Deputy Sheriff Rick Rhyne
Moore County Sheriff’s Office, North Carolina
End of Watch: Thursday, December 8, 2011
Tour of Duty: 37 years
Badge Number: Not available
Cause of Death: Gunfire
Date of Incident: December 8, 2011
Weapon Used: Handgun
Suspect Info: Committed suicide
Agency Contact Information
Sheriff Lane Carter
Moore County Sheriff’s Office
101 Dowd Road
Carthage, NC 28327
Phone: (910) 947-2931
Deputy Sheriff Rick Rhyne was shot and killed after responding to investigate reports of trespassing at a home on Morrison Bridge Road.
While questioning two brothers he learned that one of them had a warrant for outstanding child support. As he attempted to place the man under arrest the man fatally shot him with a handgun. The suspect then committed suicide.
Deputy Rhyne had served with the Moore County Sheriff’s Office for four years and had a total of 37 years in law enforcement. He had previously served with the Pinehurst Police Department and as police chief of the Foxfire Police Department. He is survived by his wife, son, and two grandchildren.
Rick Rhyne: Affable lawman’s slaying stuns, saddens Moore County community
By Greg Barnes
Rick Rhyne loved law enforcement so much that he couldn’t leave it alone.
For 25 years, he had worked as an officer and then as police chief in Foxfire Village, a small retirement community in Moore County. He was so beloved there that when he stepped down in 2007, the village retired his badge and his service pistol.

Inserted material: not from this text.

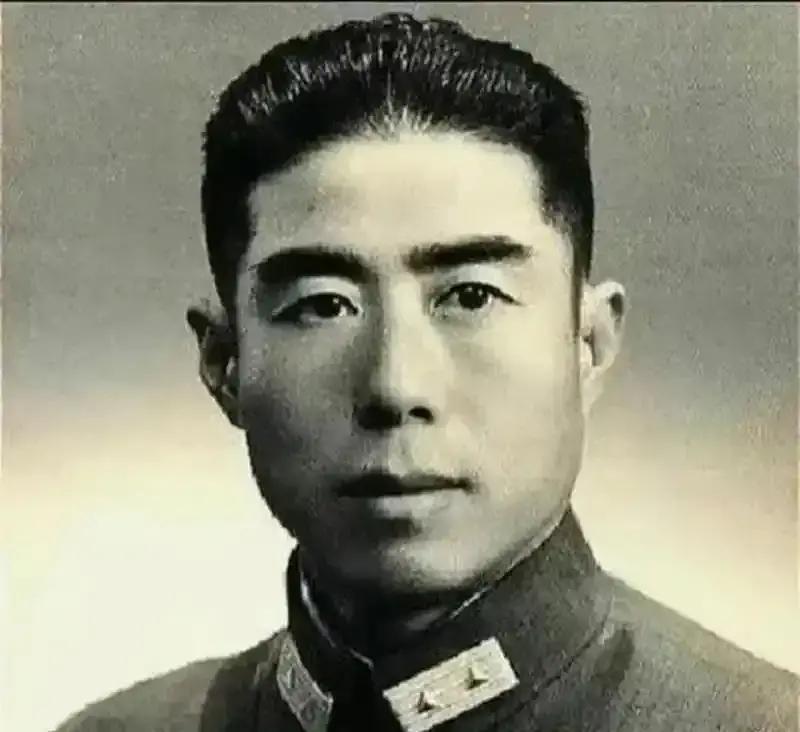 1944年，国军军官投敌后请日军吃席，突然进来一位伙计大喊：“清炖鸡来咯！”军官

But Rhyne couldn’t put law enforcement behind him.
Shortly after his retirement, the friendly cop with a big heart became a Moore County deputy.

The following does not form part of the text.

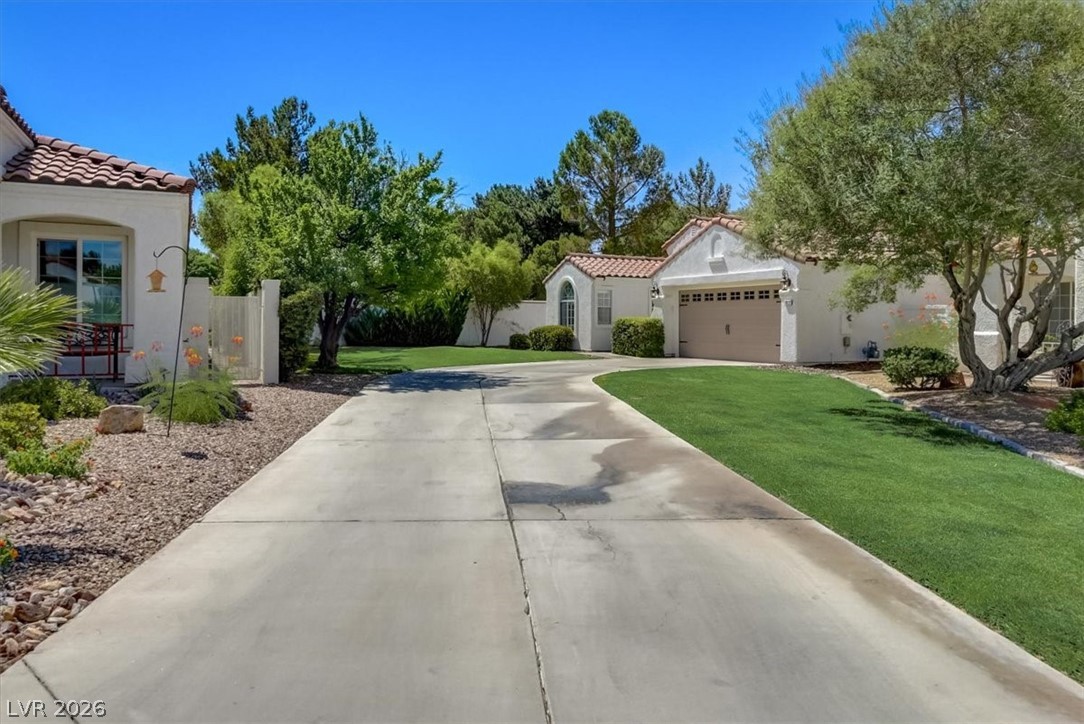 1812 Stablegate Avenue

Rhyne, 58, was killed Thursday in the line of duty. Sheriff Lane Carter said Martin Abel Poynter, a 33-year-old Iraq war veteran, shot Rhyne and then took his own life.
Rhyne’s death has shaken little Foxfire Village. When Rhyne went to work there, the village claimed about 500 residents. It’s double that now, but almost everyone still knew Rhyne. He made a point of it.
When someone moved in, Rhyne stopped at their home to introduce himself and offer his services. That’s what he did with Karl Bernet, more than 25 years ago. They had been good friends ever since.
"He was one of the most compassionate men I ever ran into," Bernet said. "He was always beyond the call of duty at all times for you."
Helen Munro said her late husband, former Village Councilman Carl Munro, used to golf with Rhyne some Sunday mornings.
"Rick watched out for the residents," she said. "If someone couldn’t get their television to work, he came and took care of it. If you had a problem with anything, he would come and help you out.
"He was just an all-around nice guy. Always smiling. I’m trying to think if I ever saw him mad. I don’t think so."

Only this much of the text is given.